President Mary Robinson used her inauguration in 1990 to invite the citizens of Ireland to come dance with her and usher in a new Ireland. Four years later, the interval act at the 1994 Eurovision Song Contest transformed the way we think about dancing in Ireland. According to choreographer Fearghus Ó Chonchúir, Riverdance registered a shift from the rurality of an older folk tradition to a globalised urbanity. While there is a consensus 26 years on that Riverdance signalled an epic break with tradition, the creative model for the show was forged by a company working within a distinctive tradition of folk dance in Kerry.

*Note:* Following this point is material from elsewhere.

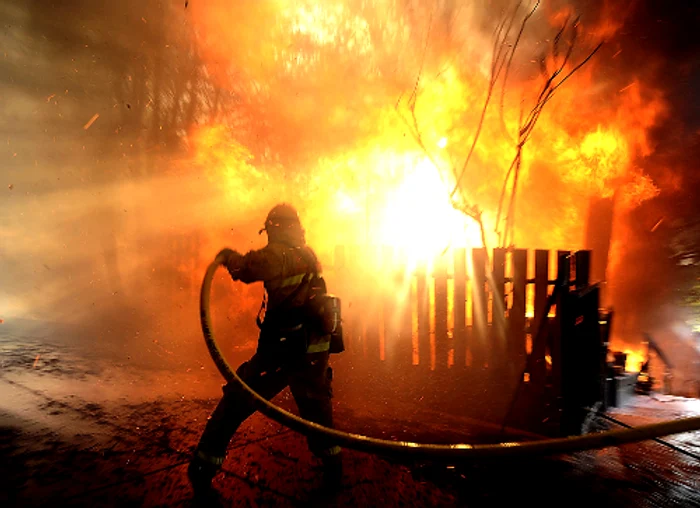 
    Pompierii s-au luptat cu flăcările mai bine de trei ore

Pat Ahern, who founded a folk theatre movement in the 1960s, and María Pagés, who founded a Flamenco company in 1990, devised the closing sequence for Bill Whelan’s orchestration of Red Hugh O'Donnell's flight to La Coruña after the Battle of Kinsale. The Department of the Taoiseach, which governed arts and culture at the time, commissioned The Seville Suite for Expo '92 and it received its premiere in Dublin in March before moving to Seville for the Irish National Day in October.

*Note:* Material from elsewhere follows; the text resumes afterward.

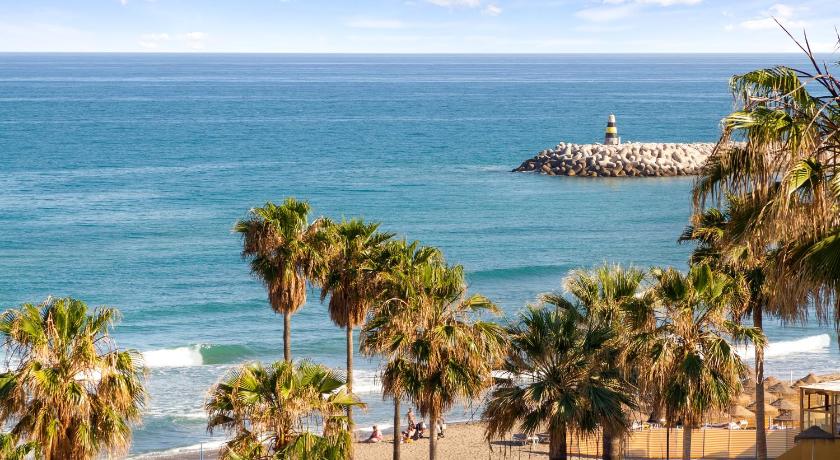 Carihuela Suites photo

Pagés danced opposite Michael Murphy, one of four dancers who joined Ahern's company, Siamsa Tire, when it went professional in 1985. Proinnsías Ó Duinn conducted the RTE Concert Orchestra, which included 'traditional’ Irish and Galician musicians. Writing in Irish Arts Review, Kate Robinson said it was "a brilliant piece of choreography … in which Flamenco dancing meshed with the Irish hornpipe, emphasising both the similarities and the differences between the two styles."
Two years later, Whelan presented a version of this sequence as the interval act in the Eurovision Song Contest. Jean Butler and Michael Flatley replaced Pagés and Murphy and, as Murphy recalls, Flatley visited him in his dressing room after a performance in Dublin in November 1992. Whelan, however, had been working on the idea of Riverdance long before that.

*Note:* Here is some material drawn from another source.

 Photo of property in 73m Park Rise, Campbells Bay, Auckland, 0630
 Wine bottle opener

Writing in The Sunday Times, Mick Heaney traced the origin of Riverdance to Timedance, the interval act of the 1981 Eurovision Song Contest in Dublin, which RTÉ commissioned from Whelan, Dónal Lunny and Ann Courtney, a choreographer with Dublin City Ballet. Heaney described how Timedance "began with traditional airs before moving on to a fully orchestrated version of Lunny's Ballymun Regatta [while] ballet dancers bounded across the stage." It was, he wrote, a bizarre performance that signalled a departure by Lunny and others from the distinctive local flavour of traditional music to a commodified and cod-mystical Celticism under the pretext of pushing the boundaries of Irish folk music.